┌──

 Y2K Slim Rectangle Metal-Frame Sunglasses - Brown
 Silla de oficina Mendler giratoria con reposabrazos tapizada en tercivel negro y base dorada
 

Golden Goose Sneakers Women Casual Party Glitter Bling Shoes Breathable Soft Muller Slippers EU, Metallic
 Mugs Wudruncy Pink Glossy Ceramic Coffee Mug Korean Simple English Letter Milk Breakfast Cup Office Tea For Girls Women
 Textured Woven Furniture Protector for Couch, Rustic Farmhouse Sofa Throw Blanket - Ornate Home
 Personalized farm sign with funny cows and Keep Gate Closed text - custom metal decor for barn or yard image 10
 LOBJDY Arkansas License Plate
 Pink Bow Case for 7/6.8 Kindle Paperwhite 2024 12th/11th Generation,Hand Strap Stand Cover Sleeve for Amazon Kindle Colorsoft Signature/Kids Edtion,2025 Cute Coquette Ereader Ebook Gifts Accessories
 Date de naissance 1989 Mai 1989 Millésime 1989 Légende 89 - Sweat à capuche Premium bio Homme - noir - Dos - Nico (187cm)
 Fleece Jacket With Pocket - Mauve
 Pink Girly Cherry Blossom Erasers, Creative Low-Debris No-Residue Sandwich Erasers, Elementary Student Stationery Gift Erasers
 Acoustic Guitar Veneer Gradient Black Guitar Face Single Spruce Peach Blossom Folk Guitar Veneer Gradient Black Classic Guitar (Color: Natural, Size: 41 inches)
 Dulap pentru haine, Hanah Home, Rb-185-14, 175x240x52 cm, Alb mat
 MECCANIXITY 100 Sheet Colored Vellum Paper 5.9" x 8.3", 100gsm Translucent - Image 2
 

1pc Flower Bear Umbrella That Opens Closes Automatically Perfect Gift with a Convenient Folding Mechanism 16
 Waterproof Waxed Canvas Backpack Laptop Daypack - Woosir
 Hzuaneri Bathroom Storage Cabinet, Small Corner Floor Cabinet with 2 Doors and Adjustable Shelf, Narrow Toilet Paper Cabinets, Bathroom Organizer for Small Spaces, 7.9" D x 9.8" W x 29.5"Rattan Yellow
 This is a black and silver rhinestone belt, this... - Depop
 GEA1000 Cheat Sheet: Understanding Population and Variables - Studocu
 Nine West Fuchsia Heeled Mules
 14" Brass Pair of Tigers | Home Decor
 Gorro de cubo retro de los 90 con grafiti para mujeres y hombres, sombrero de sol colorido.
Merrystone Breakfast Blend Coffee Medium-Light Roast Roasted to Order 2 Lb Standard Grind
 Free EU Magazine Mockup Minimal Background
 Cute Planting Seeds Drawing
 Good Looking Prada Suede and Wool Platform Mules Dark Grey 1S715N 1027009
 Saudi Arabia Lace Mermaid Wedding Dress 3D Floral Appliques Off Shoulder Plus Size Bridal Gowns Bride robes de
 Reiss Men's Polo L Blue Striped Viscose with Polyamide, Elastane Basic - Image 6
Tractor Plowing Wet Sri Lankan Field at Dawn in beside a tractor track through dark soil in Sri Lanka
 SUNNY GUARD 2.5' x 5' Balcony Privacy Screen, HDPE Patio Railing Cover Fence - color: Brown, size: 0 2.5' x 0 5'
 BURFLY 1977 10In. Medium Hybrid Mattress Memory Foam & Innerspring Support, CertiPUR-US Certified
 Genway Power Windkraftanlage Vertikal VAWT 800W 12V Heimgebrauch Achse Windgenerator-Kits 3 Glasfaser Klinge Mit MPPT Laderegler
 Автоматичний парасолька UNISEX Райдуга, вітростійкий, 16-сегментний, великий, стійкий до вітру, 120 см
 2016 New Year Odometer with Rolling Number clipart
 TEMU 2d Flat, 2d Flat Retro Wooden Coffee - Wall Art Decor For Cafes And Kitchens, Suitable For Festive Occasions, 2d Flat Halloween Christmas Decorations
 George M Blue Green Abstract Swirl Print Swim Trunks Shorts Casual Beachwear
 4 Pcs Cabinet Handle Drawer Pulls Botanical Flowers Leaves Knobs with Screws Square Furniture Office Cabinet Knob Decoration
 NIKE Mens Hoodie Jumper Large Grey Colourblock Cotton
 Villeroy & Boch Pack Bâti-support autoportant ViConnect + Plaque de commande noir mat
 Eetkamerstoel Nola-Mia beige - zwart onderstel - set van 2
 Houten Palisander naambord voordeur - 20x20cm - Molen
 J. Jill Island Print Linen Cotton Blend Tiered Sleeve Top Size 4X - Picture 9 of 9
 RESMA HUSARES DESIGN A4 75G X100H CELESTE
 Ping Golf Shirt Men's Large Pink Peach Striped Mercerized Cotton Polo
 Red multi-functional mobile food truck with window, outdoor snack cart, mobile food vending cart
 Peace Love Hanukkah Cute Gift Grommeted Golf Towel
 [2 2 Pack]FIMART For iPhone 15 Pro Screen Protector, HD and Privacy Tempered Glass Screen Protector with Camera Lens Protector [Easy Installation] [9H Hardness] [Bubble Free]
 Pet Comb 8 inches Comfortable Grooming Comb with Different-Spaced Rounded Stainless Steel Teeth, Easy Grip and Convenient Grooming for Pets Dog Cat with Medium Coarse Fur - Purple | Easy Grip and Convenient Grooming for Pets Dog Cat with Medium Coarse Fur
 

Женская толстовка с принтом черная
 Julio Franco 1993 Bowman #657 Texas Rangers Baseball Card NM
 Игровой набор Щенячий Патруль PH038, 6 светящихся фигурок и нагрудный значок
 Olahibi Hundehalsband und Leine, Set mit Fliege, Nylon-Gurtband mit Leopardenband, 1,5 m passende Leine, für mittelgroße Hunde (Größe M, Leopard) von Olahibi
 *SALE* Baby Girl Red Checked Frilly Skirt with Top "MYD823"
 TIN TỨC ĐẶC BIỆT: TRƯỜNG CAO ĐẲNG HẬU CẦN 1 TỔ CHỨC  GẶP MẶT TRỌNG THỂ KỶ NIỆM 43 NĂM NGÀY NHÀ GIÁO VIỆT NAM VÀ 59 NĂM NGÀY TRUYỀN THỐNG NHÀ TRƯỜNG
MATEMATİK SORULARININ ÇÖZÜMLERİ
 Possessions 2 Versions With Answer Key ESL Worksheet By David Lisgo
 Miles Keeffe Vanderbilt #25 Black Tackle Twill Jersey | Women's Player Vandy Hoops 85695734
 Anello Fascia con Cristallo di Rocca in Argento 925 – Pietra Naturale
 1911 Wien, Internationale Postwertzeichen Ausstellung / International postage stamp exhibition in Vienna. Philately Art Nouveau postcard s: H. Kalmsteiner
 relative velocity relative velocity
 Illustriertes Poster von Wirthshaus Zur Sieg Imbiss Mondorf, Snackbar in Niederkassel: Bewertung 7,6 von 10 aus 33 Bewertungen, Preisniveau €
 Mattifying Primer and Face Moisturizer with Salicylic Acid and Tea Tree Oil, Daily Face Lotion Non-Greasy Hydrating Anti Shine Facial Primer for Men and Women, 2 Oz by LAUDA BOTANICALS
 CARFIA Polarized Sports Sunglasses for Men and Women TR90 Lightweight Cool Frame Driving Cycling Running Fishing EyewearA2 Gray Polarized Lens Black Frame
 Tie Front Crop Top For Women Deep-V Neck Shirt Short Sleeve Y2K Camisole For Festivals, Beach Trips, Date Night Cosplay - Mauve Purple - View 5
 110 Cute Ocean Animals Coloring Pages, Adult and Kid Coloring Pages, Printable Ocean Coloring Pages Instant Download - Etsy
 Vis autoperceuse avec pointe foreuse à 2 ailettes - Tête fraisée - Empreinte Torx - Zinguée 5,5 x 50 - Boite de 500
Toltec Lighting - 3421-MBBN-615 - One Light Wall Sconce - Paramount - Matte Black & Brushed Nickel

└──

Exact reproduction is required: output the lines from the start of the entries above through the line with "Textured Woven Furniture".

 Y2K Slim Rectangle Metal-Frame Sunglasses - Brown
 Silla de oficina Mendler giratoria con reposabrazos tapizada en tercivel negro y base dorada
 

Golden Goose Sneakers Women Casual Party Glitter Bling Shoes Breathable Soft Muller Slippers EU, Metallic
 Mugs Wudruncy Pink Glossy Ceramic Coffee Mug Korean Simple English Letter Milk Breakfast Cup Office Tea For Girls Women
 Textured Woven Furniture Protector for Couch, Rustic Farmhouse Sofa Throw Blanket - Ornate Home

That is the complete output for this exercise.